▸ **DATA FOR ANALYSIS**:
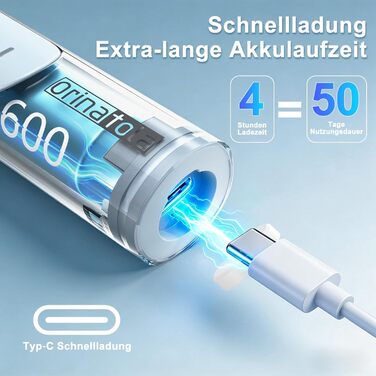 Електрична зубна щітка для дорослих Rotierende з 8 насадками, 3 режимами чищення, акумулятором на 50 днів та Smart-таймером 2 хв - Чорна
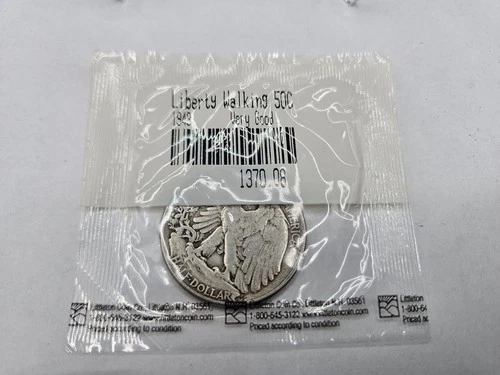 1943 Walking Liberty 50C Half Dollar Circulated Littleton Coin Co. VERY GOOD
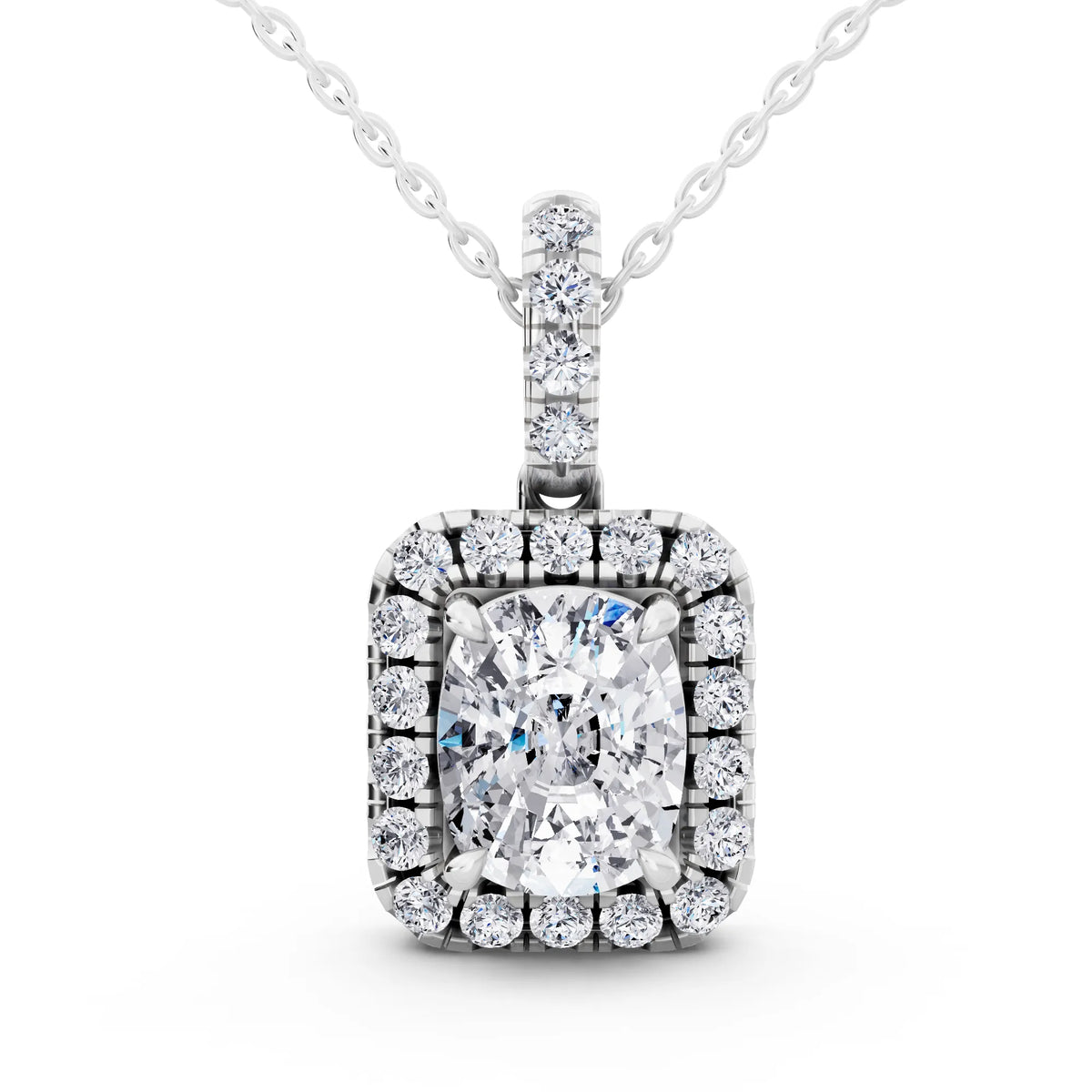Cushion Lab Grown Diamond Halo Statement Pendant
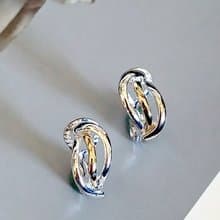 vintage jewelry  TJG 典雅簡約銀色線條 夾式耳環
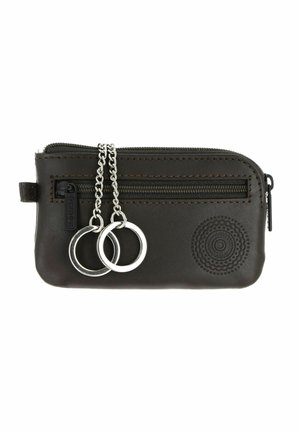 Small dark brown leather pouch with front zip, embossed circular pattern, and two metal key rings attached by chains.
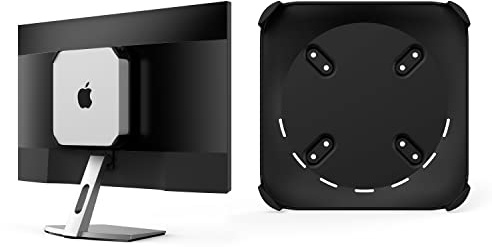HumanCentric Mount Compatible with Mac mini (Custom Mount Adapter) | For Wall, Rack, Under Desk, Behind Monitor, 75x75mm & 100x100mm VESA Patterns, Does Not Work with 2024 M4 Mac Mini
---
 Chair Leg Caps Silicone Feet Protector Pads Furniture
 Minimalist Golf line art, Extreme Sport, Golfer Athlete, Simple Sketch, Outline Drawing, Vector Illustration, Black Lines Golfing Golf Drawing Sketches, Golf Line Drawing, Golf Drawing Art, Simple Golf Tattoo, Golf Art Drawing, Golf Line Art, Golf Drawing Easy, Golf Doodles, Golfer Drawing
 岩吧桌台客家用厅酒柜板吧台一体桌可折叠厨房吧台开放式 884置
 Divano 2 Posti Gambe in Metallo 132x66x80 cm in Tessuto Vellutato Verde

▸ **WORK REQUIRED**: An exact transcription is needed of the lines from the one with "Електрична зубна щітка" to the one with "HumanCentric Mount Compatible" above, both ends included, with pictures left out.

▸ **COMPLETED TASK**:
 Електрична зубна щітка для дорослих Rotierende з 8 насадками, 3 режимами чищення, акумулятором на 50 днів та Smart-таймером 2 хв - Чорна
 1943 Walking Liberty 50C Half Dollar Circulated Littleton Coin Co. VERY GOOD
Cushion Lab Grown Diamond Halo Statement Pendant
 vintage jewelry  TJG 典雅簡約銀色線條 夾式耳環
 Small dark brown leather pouch with front zip, embossed circular pattern, and two metal key rings attached by chains.
HumanCentric Mount Compatible with Mac mini (Custom Mount Adapter) | For Wall, Rack, Under Desk, Behind Monitor, 75x75mm & 100x100mm VESA Patterns, Does Not Work with 2024 M4 Mac Mini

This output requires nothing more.